Camp Maor, which just completed its second year, offers the arts, but within a religious context, giving girls from Orthodox homes training in voice, dance and film. And, of course, there are regular camp activities like canoeing. Some three dozen youngsters, ages 10-15, most from the tri-state area, attended this summer.
“Parents recognize that they want the kids’ summer to be more than [just] fun,” said Sari Kahn, camp director. “They want them to leave with some feeling of accomplishment.”
At the camp, which will become an NCSY program, sponsored by the Orthodox Union, next year, the modestly dressed campers receive instruction from experienced professionals, study Torah, recite daily prayers, observe Shabbat, learn how to bake challahs, prepare final-week shows that included five-minute films, dance recitals, and two performances of “Peter Pan,” insets.
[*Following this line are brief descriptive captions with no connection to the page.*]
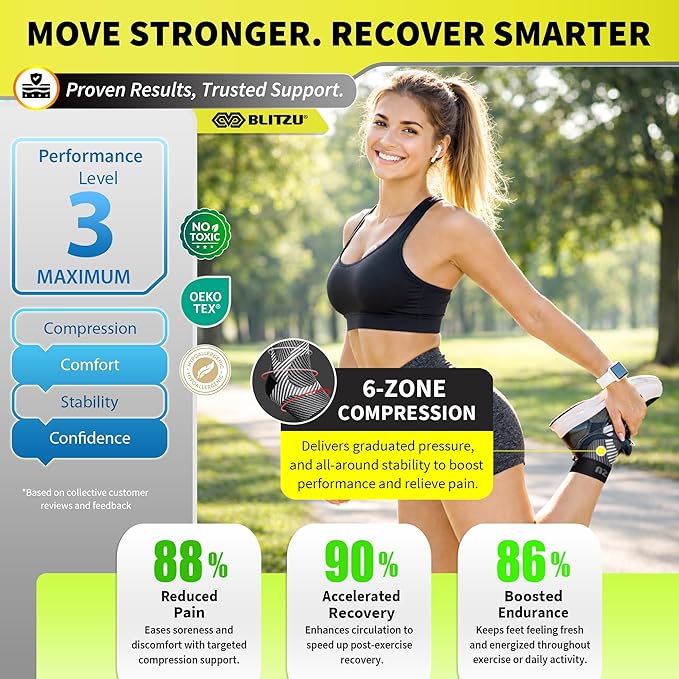 Compression Socks for Plantar Fasciitis, Achilles Tendonitis, Arthritis Relief, Ankle Brace Compression Sleeve with Foot Arch Support, Ankle Wrap for Women, Men, Swelling & Heel Pain Black L-XL
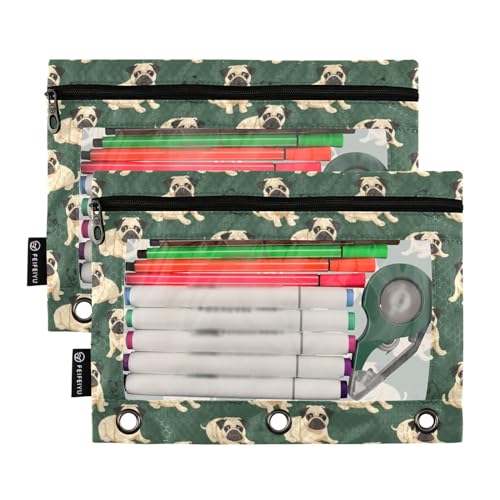 Binder Pencil Pouches Comic Pug Dogs Pen Case | Clear Window 3 Rings, Cosmetic Bags School Office Supplies Cosmetic Makeup Bag 2 Psc - color: Multicolored-5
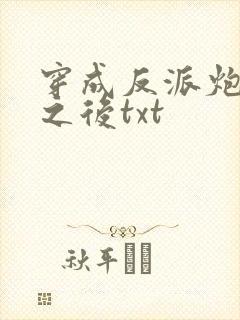 穿成反派炮灰攻之后txt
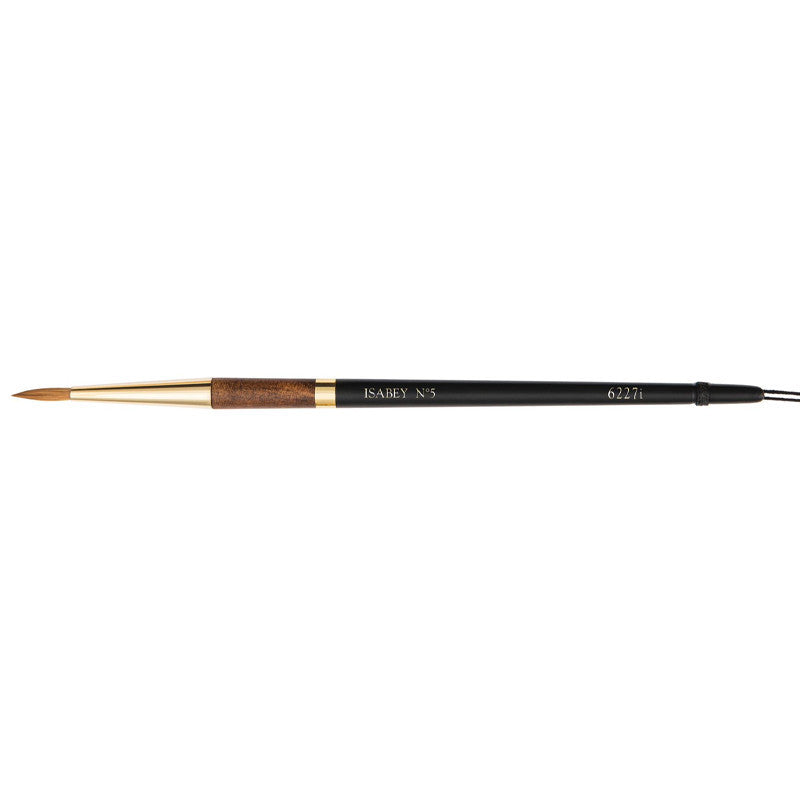 Pinceau - Rond fin - Aquarelle - Isabey - Martre Kolinsky Pure - 6227i - N°5 - Fibres naturelles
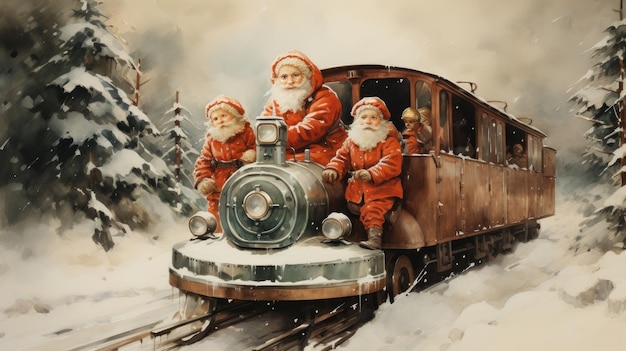 personaggio del film su un treno con la scritta "santa" sul davanti.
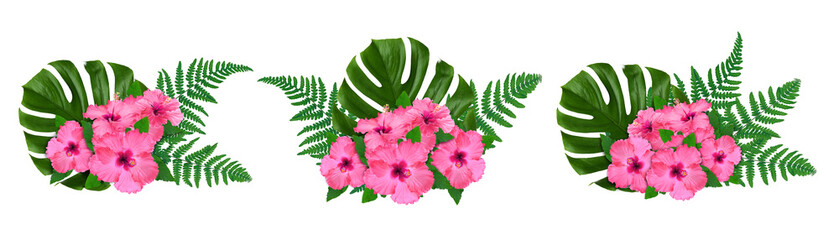Floral compositions with hibiscus flowers and green tropical leaves on white background, set © New Africa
“Everyone had a part in the play. It gave each girl an opportunity to shine on the stage,” Kahn said. Maor, a Hebrew word, means a source of light.
The final spoken performance, for entire families, was followed by a women-only singing version.
It’s hard work, Kahn said. “They are coming to get as much as they can. They work hard. They work together.”
At the final performances, you can’t tell who came as an extrovert and who as an introvert, she said. “It’s pretty even.”